OCZ SSD 32GB Solid State Hard Disk
WinAVI, PeaZip & Dummy File Results
WinAVI Video Conversion
The transcoding of video files between different formats for use on devices such as portable media players or burning to DVD is becoming increasingly common in todays digital world. While the method of conversion is largely CPU intensive, it requires a fast hard disk to keep up with the stream of data. For this stage of the testing we used a 600mb Xvid encoded AVI file placed on each of the hard disks and then used WinAVI to transcode the file into DVD format. The time taken was recorded with a stop watch.
Both the OCZ SSD and the Velociraptor made light work of the XVID to DVD conversion with a negligble 2 second difference between them. The RaptorX showed that it couldn't quite keep up the pace of it's 2.5" counterparts, finishing up in last place with an 8 second gap.
Peazip File Compression
File compression is yet another area where the system is just as reliant on the performance of the CPU as it is on the hard drive. To simulate the compression of various types of files, a folder containing a collection of 200 text documents filled with random contents and file sizes varying from 1KB to 100MB was copied to each of the hard disks. This folder was then compressed and decompressed using a utility called Peazip
which provided us with an accurate "time taken" reading.

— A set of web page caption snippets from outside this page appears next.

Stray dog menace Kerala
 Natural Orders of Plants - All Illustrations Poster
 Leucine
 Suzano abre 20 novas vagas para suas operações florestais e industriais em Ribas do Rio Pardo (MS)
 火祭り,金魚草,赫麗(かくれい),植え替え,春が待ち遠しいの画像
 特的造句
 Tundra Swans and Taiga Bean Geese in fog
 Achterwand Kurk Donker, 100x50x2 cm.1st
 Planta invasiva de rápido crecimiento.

With identical results being scored from all thread of the drives on test, this could well be an indication that the compression process was bottlenecked more by the performance of the CPU than it was by the hard disks. However, when it comes round to decompression we can see that the Velociraptor decompressed the file in 6 seconds flat, while the OCZ SSD took a further 4.5 seconds. This somewhat mirrors the less than impressive write results seen over on the previous page.
Dummy File Creation
When performing manual "file copy" benchmarks, the performance of the drive that the files are being copied from
can directly and negatively affect the results of the drive they are being copied to
. This is something that needs to be taken into consideration when benchmarking high performance hard disks such as the OCZ SSD as it's performance easily excees that of a standard hard disk. Therefore, to test the write performance of each storage device a freeware utility called Dummy File Creator
was used to generate files directly to each of the hard disks removing the possibility of any bottlenecks.
The results below show how long each of the drives took to write 20GB of files with sizes ranging from 1MB to 1GB.
Once again we can see just how good the write performance of the WD Velociraptor is, with the full 20GB being written to the disk in almost 1/2 the time of the OCZ SSD. Even the RaptorX makes a complete joke of the SSD, completing the transfer 2 1/2 minutes faster.